Single by Danny Kaye, Jimmy Durante, Jane Wyman, and Groucho Marx
- A-side: "How D' Ye Do and Shake Hands (from the film Alice in Wonderland)"
- Released: August 1951
- Recorded: August 12, 1951, with chorus and orchestra directed by Sonny Burke
- Genre: Popular
- Length: 2:39
- Label: Decca Records
- Songwriters: Carmine Ennis, Marilou Harrington

= Black Strap Molasses =

1951 novelty song by Carmine Ennis and Marilou Harrington

Black Strap Molasses is a novelty song by Carmine Ennis and Marilou Harrington, released in August 1951. It was recorded by the movie stars Groucho Marx, Jimmy Durante, Jane Wyman, and Danny Kaye, with chorus and orchestra directed by Sonny Burke. The song was a popular success, reaching number 29 on the Billboard charts, but was banned from some radio networks because it was perceived as promoting commercial products.

==Song==
The song was recorded for Decca Records on August 12, 1951. It was sung by a "who's who" of show business at the time: Danny Kaye, Jimmy Durante, Jane Wyman, and Groucho Marx. The vocalists were accompanied by a chorus and orchestra directed by arranger and producer Sonny Burke.

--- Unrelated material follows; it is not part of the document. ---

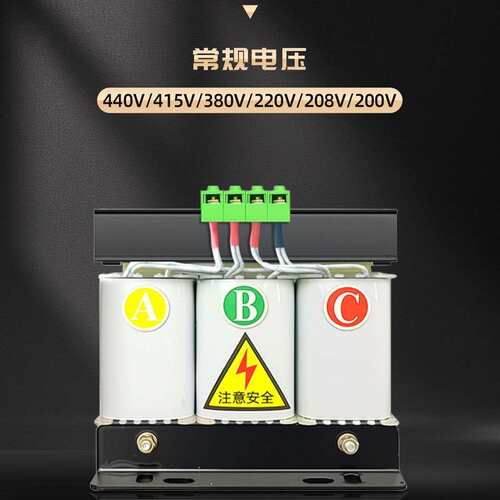 三相380v变220V家用转200V415V440V660V500w三相电干式隔离变压器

The song's lyrics discuss popular health foods of the time. The verses make "absurd" claims about the supposed benefits of these foods, and the chorus runs:

Black strap molasses and the wheat germ bread
Makes you live so long you wish you were dead
You add a little yogurt and you'll be well fed
On the black strap molasses and the wheat germ bread.

One contemporary review interpreted the lyrics as referring specifically to the "Live Longer" diet advocated by nutritionist Gayelord Hauser. Hauser, labeled a "quack" by the American Medical Association, gained widespread popularity in the mid-twentieth century promoting "wonder foods" including blackstrap molasses, wheat germ, and yogurt, as well as brewer's yeast and powdered milk. He was known as a nutrition guru to many Hollywood celebrities.

==Release and reception==
The version of Black Strap Molasses featuring Wyman, Durante, Marx, and Kaye was released in August 1951. It was released as the B-side of a single, along with a recording of "How D' Ye Do and Shake Hands", from Disney's then-recent film Alice in Wonderland, sung by the same "all-star" cast. As part of a promotion campaign for the single, Decca Records partnered with Balanced Foods, Inc., a company associated with Hauser's diets, to provide DJs and record distributors with pint bottles of blackstrap molasses and loaves of wheat germ bread. Black Strap Molasses was catalogued in 78rpm record format as Decca 27748, and in 45rpm format as Decca 9–27748.

The song was a hit in the US, reaching number 29 on the overall Billboard charts on September 22, 1951. Billboard magazine's staff review called it "catchy" and a "sock performance", giving it an aggregated rating of "excellent". Film writer Allan Eyles wrote that the song represented Marx's "greatest success as a singer".

The song was banned by some radio networks because it was perceived as containing "free plugs" for molasses and the patent medicine Hadacol; ABC agreed to program it only after a reference to Hadacol was removed. CBS banned it entirely, on the grounds that it contained "medical advice" which could lead listeners to believe that molasses was "good for sexual debility, insomnia, nerves and underweight condition." A different version of Black Strap Molasses, a "rhythm paean to Gaylord Hauser" by Tommy Dorsey and his orchestra, had been released earlier and reviewed in Billboard as "a rambling, rather dull slice." Dorsey's version had been banned from programming by NBC and ABC because, representatives said, the song mentioned commercial products in competition with the networks' sponsors.

The single was released in the UK, catalogued as Brunswick 04794, and later re-released on several record and CD collections.